La historia del poder político en España, tal vez con más sombras que claros, ha sido el caldo de cultivo de un tipo de crítica que ha recibido el nombre de arbitrismo. Una de las primeras referencias al arbitrismo se encuentra en la literatura política de Quevedo que se burla de los «locos repúblicos y razonadores» que, ante un panorama desastroso pergeñaban remedios supuestamente sencillos e infalibles, pero perfectamente inanes. La incongruencia entre el análisis de los males, y los efectos de los remedios, es el rasgo principal del arbitrismo que, en el fondo, supone la pura y simple negación de la política y del gobierno.

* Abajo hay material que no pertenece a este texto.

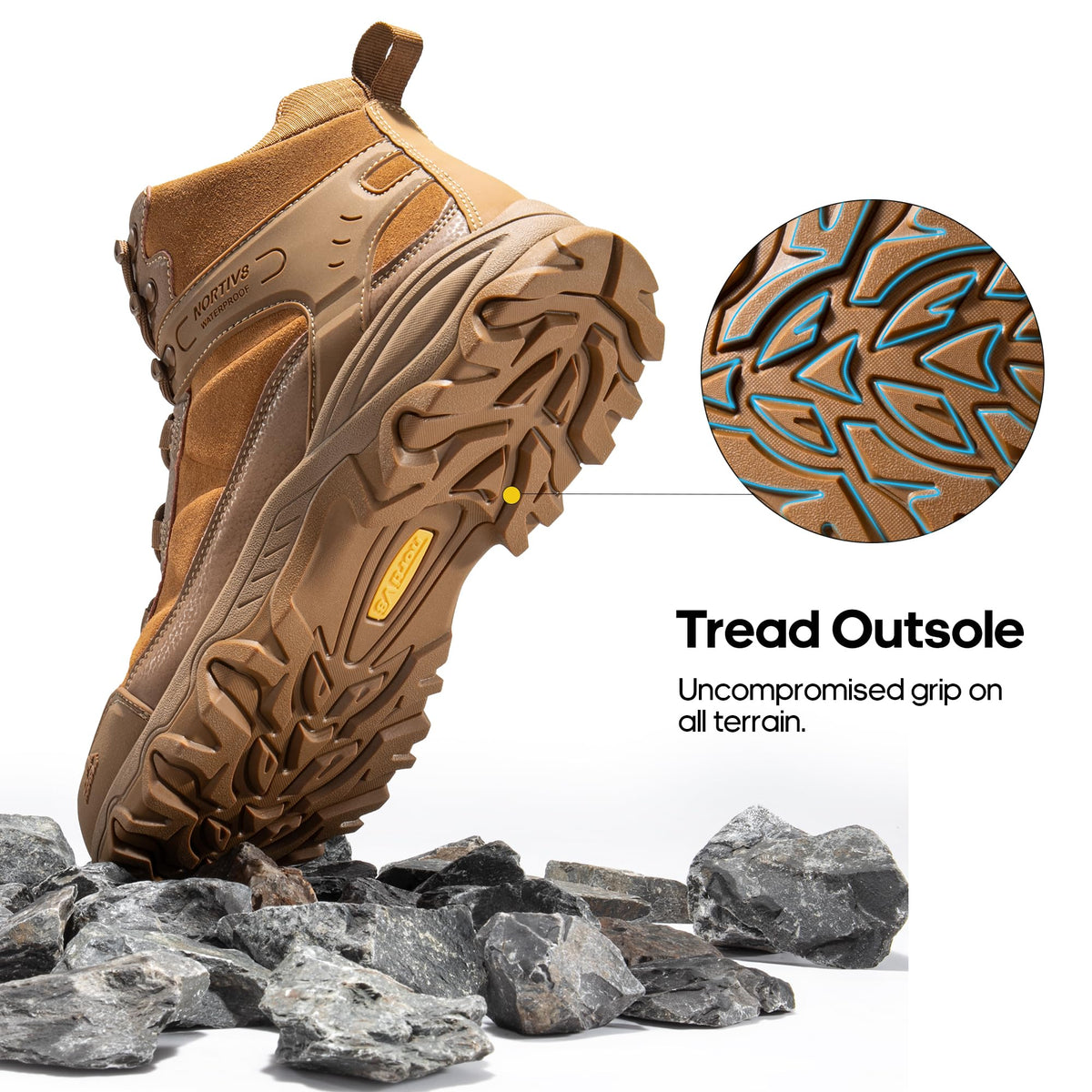 Men's Waterproof Lightweight Hiking Boots H475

El arbitrismo es el lamento de las gentes que ven las cosas mal, y creen que nadie hace nada: recurren entonces a su magín para tratar de resolver los asuntos por las bravas. Esta forma de arbitrismo es inevitable y, al tiempo, perfectamente inofensiva. Lo peculiar es que ahora el arbitrismo se ha instalado en el Gobierno lo que, considerado con el buen sentido residual del público, no hace sino potenciar el más negro de los pesimismos. La gente sabe bien que los ciudadanos se pueden permitir las salidas de pata de banco, porque todo queda en un desfogue sin consecuencias, pero siente la tenaza del terror en torno a su cuello cuando ve que un ministro propone cambiar las bombillas, o que el gobierno recurre a resolver el problema del aborto convirtiéndolo en un derecho inalienable.

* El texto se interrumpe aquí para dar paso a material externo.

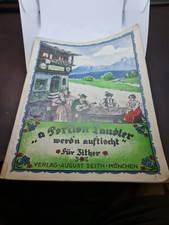 Konvolut Zither Noten - siehe Bilder-Gut bis Akzeptabel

El gobierno de Zapatero ha vivido políticamente, desde sus comienzos, de los efectos de imagen de un insólito arbitrismo gubernamental. Un gobierno arbitrista es una contradicción en los términos, pero si el panorama es soleado puede confundirse con un gobierno milagroso. Así, mientras duro la cara amable de la economía, el arbitrismo de ZP era visto como un ejercicio poético relativamente tolerable. Daba lo mismo que el gobierno perdiera el culo gallardamente saliendo de Irak (se trató de dar medallas al jefe de la operación) o que se propusiera una célebre alianza de confusiones. Todo iría bien mientras la fiesta continuase. Y así cayeron sobre nosotros las leyes de dependencia, el bachillerato sin exámenes, los 400 euros o las subvenciones hasta para pedirlas.

Pero ha llegado la plaga de las vacas flacas, y ZP sigue en sus trece. La gente tiene miedo, sencillamente, y su comportamiento puede ser imprevisible: tal vez reaccione con valor y coraje, y arrase todo ese absurdo retablo de las maravillas, pero nadie sabe a ciencia cierta por dónde tirará. El PP debería de tomar nota de este estado líquido de la opinión y apresurarse a poner toneladas de buen sentido y precisión en sus actos y propuestas, porque, de lo contrario, el hartazgo se puede llevar por delante todos los diques.